His clothes fit him better than her skin fit her. The labels on those clothes probably guaranteed the buyer overpaid exponentially just for the privilege of wearing some snooty designer’s name. Sam sniffed. Dang, he even smelled like a pricey label. Too rich for her blood. And those shoes. No one wore shoes like that around a horse barn. At least not a run-down place like this. Already, a wafer-thin layer of dust coated the expensive Italian leather, and Sam did know her leather.

“Skittish as a yearling colt, aren’t ya?” She faked a western drawl.

He seemed at a loss for words and just gaped at her. She often had that effect on men and still hadn’t figured out if it was good or bad. So far, she’d vote for bad, especially considering her talent for sending men running to the nearby Cascade Mountains in response to her tactlessness.

He found his tongue when Gabbie edged closer. “Keep that thing away from me.”

“She is not a thing. She’s a caring, feeling animal. More than I can say for you.” Sam reached up to scratch the mare behind the ears. Gabbie rubbed her head on Sam’s shoulder.
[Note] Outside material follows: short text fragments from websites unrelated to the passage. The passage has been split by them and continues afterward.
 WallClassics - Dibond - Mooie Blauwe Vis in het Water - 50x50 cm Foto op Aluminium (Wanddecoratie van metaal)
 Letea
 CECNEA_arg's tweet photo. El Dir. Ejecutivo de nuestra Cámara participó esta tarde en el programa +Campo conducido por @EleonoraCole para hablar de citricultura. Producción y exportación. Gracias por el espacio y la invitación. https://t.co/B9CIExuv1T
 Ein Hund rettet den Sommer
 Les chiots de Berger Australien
Men like him were excellent reminders of why she preferred horses.

“Whatever.” He started to turn away.

Gabbie’s ears pricked forward. She focused her short equine attention span on their uninvited barn guest and took matters into her own hands—or would that be hooves? The mare reached out with her big nose, sniffed at his chest, and wiped a wide swath of horse slobber on the lapel of his jacket. He stared at the animal in horror and backed up until his body was plastered against the closest stall. “I said keep that thing away from me.”

“Gladly.” Patting the mare, Sam bit back an amused laugh. Obviously, the man was a city boy and not used to horses. Huffing one last time for good measure, she guided Gabbie past him.
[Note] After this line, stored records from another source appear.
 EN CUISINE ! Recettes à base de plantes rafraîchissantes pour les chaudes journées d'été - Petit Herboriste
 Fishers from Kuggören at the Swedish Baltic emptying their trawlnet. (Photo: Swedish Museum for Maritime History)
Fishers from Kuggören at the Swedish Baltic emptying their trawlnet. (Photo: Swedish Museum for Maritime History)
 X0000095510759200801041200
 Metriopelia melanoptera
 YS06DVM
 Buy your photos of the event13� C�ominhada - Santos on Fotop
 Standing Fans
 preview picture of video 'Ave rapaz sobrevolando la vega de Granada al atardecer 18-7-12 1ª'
“Who are you?” His demanding tone didn’t foster cooperation or good will.

Glancing over her shoulder, Sam bit back a smart retort. “I could ask the same of you. You’re on private property, boarders and students only.” She made a show of looking him up and down. “I can tell that you’re neither.”

“I can tell that you’re treading on thin ice.” His phone rang again and saved her from further conversation with Mr. Personality. Frowning, he moved away from the door to gain a little privacy.

Fumbling with the lead rope, Sam tied Gabbie in the barn aisle. Her hands were shaking. Her heart was pounding. She might talk big but inside she was a chickenshit, a fact she kept well hidden from casual acquaintances.

Waylon the barn cat rubbed around her legs. She picked him up and held him close, taking some comfort from his furry little body. Waylon purred in response.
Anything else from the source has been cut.